一部の職名以外は、訓読される習いであった。例えば「図書式」は、「ずしょしき」ではなく「ふみのつかさ」と読む。しかし本メモでは訓読のルビは割愛する。

「大学式」で規定される大学の学生の定員は400人で意外と多い。

「民部式」の国郡一覧表は『倭名類聚抄』と並んで古代の地名を知るための最も基礎的な文献。 「民部式」には、課税を負担する子を5人育てればその父親の課税は免除されるという規定がある。「民部式」は、課税・収税・そのための帳面の作成など重要な規定が多い。
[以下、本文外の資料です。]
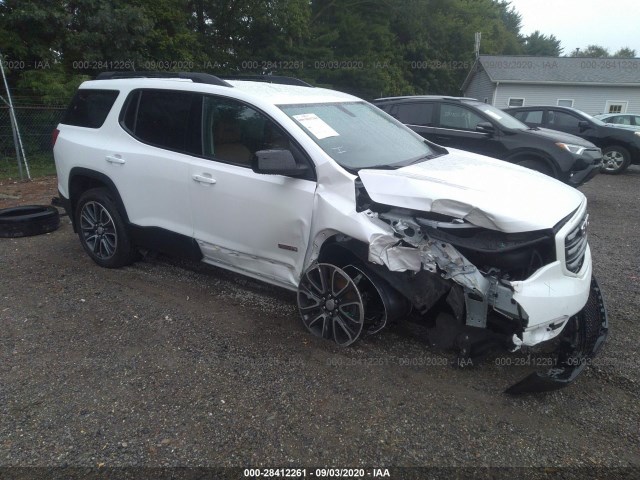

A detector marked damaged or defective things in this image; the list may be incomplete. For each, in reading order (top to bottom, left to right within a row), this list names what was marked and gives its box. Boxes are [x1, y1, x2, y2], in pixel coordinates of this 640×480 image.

crumpled hood [358, 149, 588, 233]
detached bumper piece [504, 276, 608, 396]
しかし「こういう律令文書行政の形式がのこっていることは興味深いが、それが全く形式だけの遺存にすぎないことはいうまでもない(p.164)」。

「隼人式」には、隼人が特殊な任務を帯びていたことを伝えている。「この隼人式にかかげられた二十ヵ条の規定は、すべて隼人についての貴重な史料をいわなければならない(p.170)」。 
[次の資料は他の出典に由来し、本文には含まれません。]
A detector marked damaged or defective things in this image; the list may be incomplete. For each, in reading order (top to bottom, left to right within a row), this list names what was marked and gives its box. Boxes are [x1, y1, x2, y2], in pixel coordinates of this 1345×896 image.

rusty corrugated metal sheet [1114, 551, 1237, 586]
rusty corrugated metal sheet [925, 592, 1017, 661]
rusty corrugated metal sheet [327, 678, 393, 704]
「弾正式」には、「京中で病人を家の外に遺棄することに対する取締り(p.196)」が規定されている。罰金刑を認めないで体刑とする上、それを隠匿したものも同罪とするという意外と厳しい規定である。

「左右京職」については、なぜ同じ組織を左京・右京にそれぞれおいたのが興味が湧いた(他に「左右近衛式」、「左右衛門式」、「左右兵衛式」、「左右馬式」なども)。そして同じように行政が整えられたのに右京が衰微したのはなぜなのだろうか。
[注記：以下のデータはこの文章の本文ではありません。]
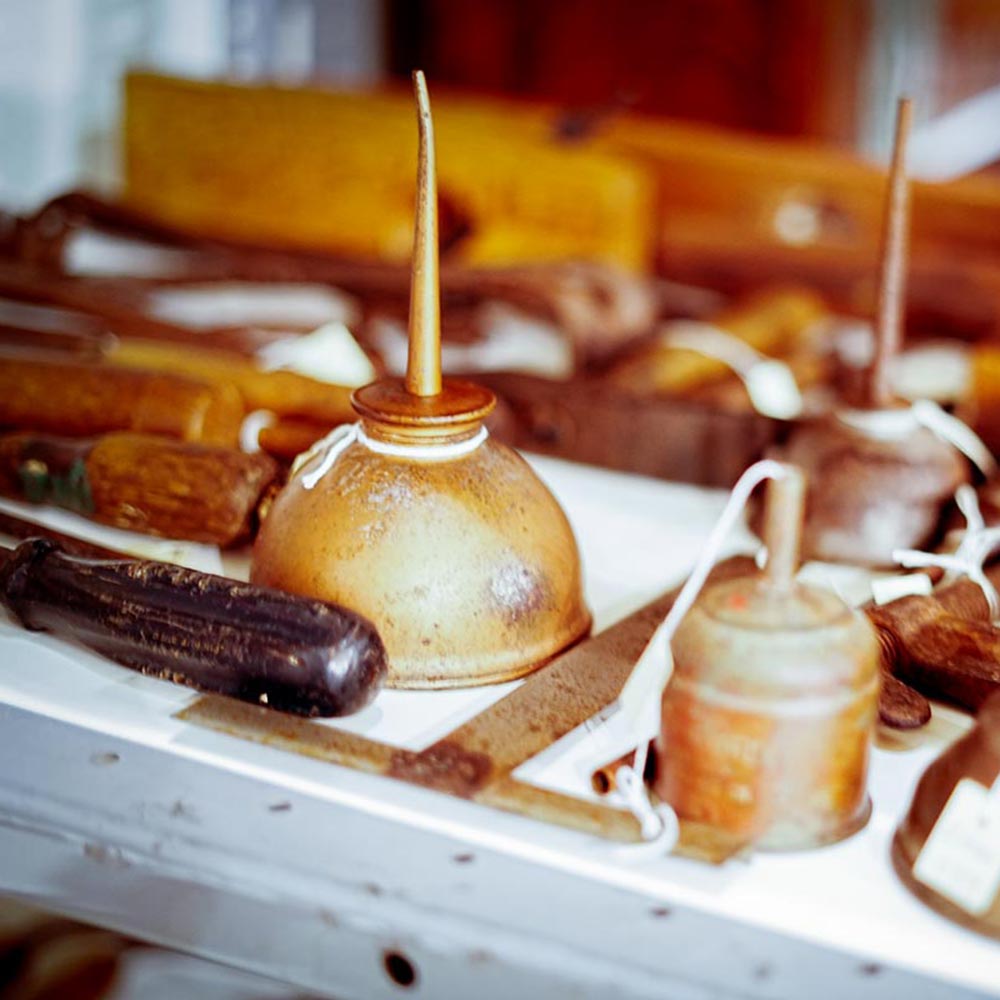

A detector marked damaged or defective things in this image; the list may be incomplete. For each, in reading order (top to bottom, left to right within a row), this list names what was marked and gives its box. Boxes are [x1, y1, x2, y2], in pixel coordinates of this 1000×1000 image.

ちなみに、兵庫寮は令政では左右二寮に分かれていたが、寛平8年(896)に左右二寮が合併されている。これによって兵器の作成・保管の業務が一元化された。これが普通の行政組織のあり方だと思う。左右に分けるのは本当に不思議だ。

……このように、『延喜式』の内容は厖大かつ多岐にわたるのであるが、制定の意義はいかなるものであったか。これについて著者は「論ずべきほどの意義は存しないといってよい(p.88)」と容赦ない。つまり律令が有名無実化する中にあって、その施行細則などあってもあまり意味はなかったのだ。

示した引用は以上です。